==== Data for the task

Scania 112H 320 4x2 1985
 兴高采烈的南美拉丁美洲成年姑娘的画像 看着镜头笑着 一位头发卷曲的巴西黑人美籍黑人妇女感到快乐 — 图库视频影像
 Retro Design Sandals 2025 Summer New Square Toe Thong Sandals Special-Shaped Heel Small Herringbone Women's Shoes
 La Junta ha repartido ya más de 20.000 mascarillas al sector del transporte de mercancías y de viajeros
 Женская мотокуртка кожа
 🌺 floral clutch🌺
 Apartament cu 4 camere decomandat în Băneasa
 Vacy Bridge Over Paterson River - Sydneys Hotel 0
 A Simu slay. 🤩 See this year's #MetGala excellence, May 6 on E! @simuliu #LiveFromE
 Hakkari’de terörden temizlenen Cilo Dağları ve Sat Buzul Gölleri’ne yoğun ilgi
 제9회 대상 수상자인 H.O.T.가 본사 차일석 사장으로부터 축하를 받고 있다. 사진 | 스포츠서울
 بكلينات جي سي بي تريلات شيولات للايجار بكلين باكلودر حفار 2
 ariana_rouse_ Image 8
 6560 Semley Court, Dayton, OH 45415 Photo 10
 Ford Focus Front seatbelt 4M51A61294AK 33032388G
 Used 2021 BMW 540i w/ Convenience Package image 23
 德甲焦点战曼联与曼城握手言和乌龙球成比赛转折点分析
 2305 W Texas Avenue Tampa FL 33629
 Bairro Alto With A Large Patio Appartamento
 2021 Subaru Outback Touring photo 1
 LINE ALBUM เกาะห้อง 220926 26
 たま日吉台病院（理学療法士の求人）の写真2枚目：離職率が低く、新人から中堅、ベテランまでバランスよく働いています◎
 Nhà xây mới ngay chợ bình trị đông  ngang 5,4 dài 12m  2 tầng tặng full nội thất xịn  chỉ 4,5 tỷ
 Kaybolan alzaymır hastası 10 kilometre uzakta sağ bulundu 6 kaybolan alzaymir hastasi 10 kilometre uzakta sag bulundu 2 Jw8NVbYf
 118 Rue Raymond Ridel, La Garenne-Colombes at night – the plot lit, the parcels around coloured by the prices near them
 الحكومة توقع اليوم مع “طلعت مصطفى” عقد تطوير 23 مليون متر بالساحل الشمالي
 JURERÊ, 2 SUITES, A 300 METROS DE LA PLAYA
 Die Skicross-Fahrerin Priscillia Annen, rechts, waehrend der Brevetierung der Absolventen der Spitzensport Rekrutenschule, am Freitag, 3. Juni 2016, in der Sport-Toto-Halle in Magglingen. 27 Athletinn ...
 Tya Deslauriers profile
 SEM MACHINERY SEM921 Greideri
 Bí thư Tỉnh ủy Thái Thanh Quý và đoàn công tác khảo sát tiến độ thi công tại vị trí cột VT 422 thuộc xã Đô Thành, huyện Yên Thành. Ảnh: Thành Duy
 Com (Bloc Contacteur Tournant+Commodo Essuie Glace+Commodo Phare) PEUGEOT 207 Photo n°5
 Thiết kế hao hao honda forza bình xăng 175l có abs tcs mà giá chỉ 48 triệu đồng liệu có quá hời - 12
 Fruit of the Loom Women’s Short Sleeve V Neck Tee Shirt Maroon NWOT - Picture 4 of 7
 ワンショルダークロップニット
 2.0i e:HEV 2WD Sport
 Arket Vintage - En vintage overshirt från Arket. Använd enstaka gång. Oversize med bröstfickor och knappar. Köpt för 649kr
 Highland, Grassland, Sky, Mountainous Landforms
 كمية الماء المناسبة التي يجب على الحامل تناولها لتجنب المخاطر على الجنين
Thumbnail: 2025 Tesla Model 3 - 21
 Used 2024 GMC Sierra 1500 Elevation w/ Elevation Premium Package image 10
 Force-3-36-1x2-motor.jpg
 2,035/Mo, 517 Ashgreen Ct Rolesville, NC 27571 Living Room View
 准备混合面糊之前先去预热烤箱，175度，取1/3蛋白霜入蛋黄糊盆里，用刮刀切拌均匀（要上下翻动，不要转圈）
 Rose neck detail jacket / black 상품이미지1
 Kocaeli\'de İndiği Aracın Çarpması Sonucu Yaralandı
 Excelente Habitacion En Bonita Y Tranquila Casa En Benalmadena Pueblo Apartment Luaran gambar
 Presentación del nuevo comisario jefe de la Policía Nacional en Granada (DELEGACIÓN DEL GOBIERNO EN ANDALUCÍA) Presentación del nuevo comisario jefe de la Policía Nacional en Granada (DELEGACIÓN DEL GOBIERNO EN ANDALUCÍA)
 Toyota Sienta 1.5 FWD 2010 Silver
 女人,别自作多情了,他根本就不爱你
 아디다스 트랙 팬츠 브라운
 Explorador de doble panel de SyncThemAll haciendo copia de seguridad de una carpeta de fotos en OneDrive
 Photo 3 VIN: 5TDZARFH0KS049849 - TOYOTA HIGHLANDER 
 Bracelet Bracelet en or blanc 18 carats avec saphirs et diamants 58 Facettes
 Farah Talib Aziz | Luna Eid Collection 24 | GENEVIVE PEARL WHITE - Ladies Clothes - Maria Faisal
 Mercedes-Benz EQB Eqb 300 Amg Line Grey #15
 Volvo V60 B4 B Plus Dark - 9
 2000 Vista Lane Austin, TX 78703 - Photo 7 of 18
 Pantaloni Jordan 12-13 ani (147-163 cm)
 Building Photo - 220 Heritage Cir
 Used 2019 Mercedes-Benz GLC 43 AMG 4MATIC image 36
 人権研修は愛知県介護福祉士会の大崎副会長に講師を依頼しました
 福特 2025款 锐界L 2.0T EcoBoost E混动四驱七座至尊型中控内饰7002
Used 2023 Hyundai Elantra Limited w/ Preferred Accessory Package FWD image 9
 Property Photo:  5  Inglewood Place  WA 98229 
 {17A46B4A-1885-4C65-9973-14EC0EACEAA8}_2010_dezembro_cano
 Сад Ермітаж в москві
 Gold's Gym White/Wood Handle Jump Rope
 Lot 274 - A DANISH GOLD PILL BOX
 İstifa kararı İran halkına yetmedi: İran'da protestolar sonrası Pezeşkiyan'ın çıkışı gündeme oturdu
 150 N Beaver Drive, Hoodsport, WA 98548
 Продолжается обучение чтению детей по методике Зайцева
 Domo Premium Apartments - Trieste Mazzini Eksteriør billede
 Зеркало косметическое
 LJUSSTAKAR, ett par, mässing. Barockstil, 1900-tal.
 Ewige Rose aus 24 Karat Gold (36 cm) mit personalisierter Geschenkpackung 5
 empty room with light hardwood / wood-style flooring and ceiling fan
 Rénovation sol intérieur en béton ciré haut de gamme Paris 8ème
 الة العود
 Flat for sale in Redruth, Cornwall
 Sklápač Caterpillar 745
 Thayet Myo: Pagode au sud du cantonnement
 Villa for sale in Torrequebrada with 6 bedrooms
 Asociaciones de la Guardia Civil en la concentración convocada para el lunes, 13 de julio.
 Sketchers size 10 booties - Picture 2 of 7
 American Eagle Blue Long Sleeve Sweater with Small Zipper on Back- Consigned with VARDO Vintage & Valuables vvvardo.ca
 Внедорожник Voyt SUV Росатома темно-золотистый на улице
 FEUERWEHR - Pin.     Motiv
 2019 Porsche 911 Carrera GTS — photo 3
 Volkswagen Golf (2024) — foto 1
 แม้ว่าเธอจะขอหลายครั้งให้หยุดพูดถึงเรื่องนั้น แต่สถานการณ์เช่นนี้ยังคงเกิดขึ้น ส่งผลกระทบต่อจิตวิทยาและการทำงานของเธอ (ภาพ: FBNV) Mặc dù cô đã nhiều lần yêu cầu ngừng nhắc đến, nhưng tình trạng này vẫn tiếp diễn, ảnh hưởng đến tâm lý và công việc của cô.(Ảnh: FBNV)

========

Task objective = Return the material in full. Each line must match.

Result below =
Scania 112H 320 4x2 1985
 兴高采烈的南美拉丁美洲成年姑娘的画像 看着镜头笑着 一位头发卷曲的巴西黑人美籍黑人妇女感到快乐 — 图库视频影像
 Retro Design Sandals 2025 Summer New Square Toe Thong Sandals Special-Shaped Heel Small Herringbone Women's Shoes
 La Junta ha repartido ya más de 20.000 mascarillas al sector del transporte de mercancías y de viajeros
 Женская мотокуртка кожа
 🌺 floral clutch🌺
 Apartament cu 4 camere decomandat în Băneasa
 Vacy Bridge Over Paterson River - Sydneys Hotel 0
 A Simu slay. 🤩 See this year's #MetGala excellence, May 6 on E! @simuliu #LiveFromE
 Hakkari’de terörden temizlenen Cilo Dağları ve Sat Buzul Gölleri’ne yoğun ilgi
 제9회 대상 수상자인 H.O.T.가 본사 차일석 사장으로부터 축하를 받고 있다. 사진 | 스포츠서울
 بكلينات جي سي بي تريلات شيولات للايجار بكلين باكلودر حفار 2
 ariana_rouse_ Image 8
 6560 Semley Court, Dayton, OH 45415 Photo 10
 Ford Focus Front seatbelt 4M51A61294AK 33032388G
 Used 2021 BMW 540i w/ Convenience Package image 23
 德甲焦点战曼联与曼城握手言和乌龙球成比赛转折点分析
 2305 W Texas Avenue Tampa FL 33629
 Bairro Alto With A Large Patio Appartamento
 2021 Subaru Outback Touring photo 1
 LINE ALBUM เกาะห้อง 220926 26
 たま日吉台病院（理学療法士の求人）の写真2枚目：離職率が低く、新人から中堅、ベテランまでバランスよく働いています◎
 Nhà xây mới ngay chợ bình trị đông  ngang 5,4 dài 12m  2 tầng tặng full nội thất xịn  chỉ 4,5 tỷ
 Kaybolan alzaymır hastası 10 kilometre uzakta sağ bulundu 6 kaybolan alzaymir hastasi 10 kilometre uzakta sag bulundu 2 Jw8NVbYf
 118 Rue Raymond Ridel, La Garenne-Colombes at night – the plot lit, the parcels around coloured by the prices near them
 الحكومة توقع اليوم مع “طلعت مصطفى” عقد تطوير 23 مليون متر بالساحل الشمالي
 JURERÊ, 2 SUITES, A 300 METROS DE LA PLAYA
 Die Skicross-Fahrerin Priscillia Annen, rechts, waehrend der Brevetierung der Absolventen der Spitzensport Rekrutenschule, am Freitag, 3. Juni 2016, in der Sport-Toto-Halle in Magglingen. 27 Athletinn ...
 Tya Deslauriers profile
 SEM MACHINERY SEM921 Greideri
 Bí thư Tỉnh ủy Thái Thanh Quý và đoàn công tác khảo sát tiến độ thi công tại vị trí cột VT 422 thuộc xã Đô Thành, huyện Yên Thành. Ảnh: Thành Duy
 Com (Bloc Contacteur Tournant+Commodo Essuie Glace+Commodo Phare) PEUGEOT 207 Photo n°5
 Thiết kế hao hao honda forza bình xăng 175l có abs tcs mà giá chỉ 48 triệu đồng liệu có quá hời - 12
 Fruit of the Loom Women’s Short Sleeve V Neck Tee Shirt Maroon NWOT - Picture 4 of 7
 ワンショルダークロップニット
 2.0i e:HEV 2WD Sport
 Arket Vintage - En vintage overshirt från Arket. Använd enstaka gång. Oversize med bröstfickor och knappar. Köpt för 649kr
 Highland, Grassland, Sky, Mountainous Landforms
 كمية الماء المناسبة التي يجب على الحامل تناولها لتجنب المخاطر على الجنين
Thumbnail: 2025 Tesla Model 3 - 21
 Used 2024 GMC Sierra 1500 Elevation w/ Elevation Premium Package image 10
 Force-3-36-1x2-motor.jpg
 2,035/Mo, 517 Ashgreen Ct Rolesville, NC 27571 Living Room View
 准备混合面糊之前先去预热烤箱，175度，取1/3蛋白霜入蛋黄糊盆里，用刮刀切拌均匀（要上下翻动，不要转圈）
 Rose neck detail jacket / black 상품이미지1
 Kocaeli\'de İndiği Aracın Çarpması Sonucu Yaralandı
 Excelente Habitacion En Bonita Y Tranquila Casa En Benalmadena Pueblo Apartment Luaran gambar
 Presentación del nuevo comisario jefe de la Policía Nacional en Granada (DELEGACIÓN DEL GOBIERNO EN ANDALUCÍA) Presentación del nuevo comisario jefe de la Policía Nacional en Granada (DELEGACIÓN DEL GOBIERNO EN ANDALUCÍA)
 Toyota Sienta 1.5 FWD 2010 Silver
 女人,别自作多情了,他根本就不爱你
 아디다스 트랙 팬츠 브라운
 Explorador de doble panel de SyncThemAll haciendo copia de seguridad de una carpeta de fotos en OneDrive
 Photo 3 VIN: 5TDZARFH0KS049849 - TOYOTA HIGHLANDER 
 Bracelet Bracelet en or blanc 18 carats avec saphirs et diamants 58 Facettes
 Farah Talib Aziz | Luna Eid Collection 24 | GENEVIVE PEARL WHITE - Ladies Clothes - Maria Faisal
 Mercedes-Benz EQB Eqb 300 Amg Line Grey #15
 Volvo V60 B4 B Plus Dark - 9
 2000 Vista Lane Austin, TX 78703 - Photo 7 of 18
 Pantaloni Jordan 12-13 ani (147-163 cm)
 Building Photo - 220 Heritage Cir
 Used 2019 Mercedes-Benz GLC 43 AMG 4MATIC image 36
 人権研修は愛知県介護福祉士会の大崎副会長に講師を依頼しました
 福特 2025款 锐界L 2.0T EcoBoost E混动四驱七座至尊型中控内饰7002
Used 2023 Hyundai Elantra Limited w/ Preferred Accessory Package FWD image 9
 Property Photo:  5  Inglewood Place  WA 98229 
 {17A46B4A-1885-4C65-9973-14EC0EACEAA8}_2010_dezembro_cano
 Сад Ермітаж в москві
 Gold's Gym White/Wood Handle Jump Rope
 Lot 274 - A DANISH GOLD PILL BOX
 İstifa kararı İran halkına yetmedi: İran'da protestolar sonrası Pezeşkiyan'ın çıkışı gündeme oturdu
 150 N Beaver Drive, Hoodsport, WA 98548
 Продолжается обучение чтению детей по методике Зайцева
 Domo Premium Apartments - Trieste Mazzini Eksteriør billede
 Зеркало косметическое
 LJUSSTAKAR, ett par, mässing. Barockstil, 1900-tal.
 Ewige Rose aus 24 Karat Gold (36 cm) mit personalisierter Geschenkpackung 5
 empty room with light hardwood / wood-style flooring and ceiling fan
 Rénovation sol intérieur en béton ciré haut de gamme Paris 8ème
 الة العود
 Flat for sale in Redruth, Cornwall
 Sklápač Caterpillar 745
 Thayet Myo: Pagode au sud du cantonnement
 Villa for sale in Torrequebrada with 6 bedrooms
 Asociaciones de la Guardia Civil en la concentración convocada para el lunes, 13 de julio.
 Sketchers size 10 booties - Picture 2 of 7
 American Eagle Blue Long Sleeve Sweater with Small Zipper on Back- Consigned with VARDO Vintage & Valuables vvvardo.ca
 Внедорожник Voyt SUV Росатома темно-золотистый на улице
 FEUERWEHR - Pin.     Motiv
 2019 Porsche 911 Carrera GTS — photo 3
 Volkswagen Golf (2024) — foto 1
 แม้ว่าเธอจะขอหลายครั้งให้หยุดพูดถึงเรื่องนั้น แต่สถานการณ์เช่นนี้ยังคงเกิดขึ้น ส่งผลกระทบต่อจิตวิทยาและการทำงานของเธอ (ภาพ: FBNV) Mặc dù cô đã nhiều lần yêu cầu ngừng nhắc đến, nhưng tình trạng này vẫn tiếp diễn, ảnh hưởng đến tâm lý và công việc của cô.(Ảnh: FBNV)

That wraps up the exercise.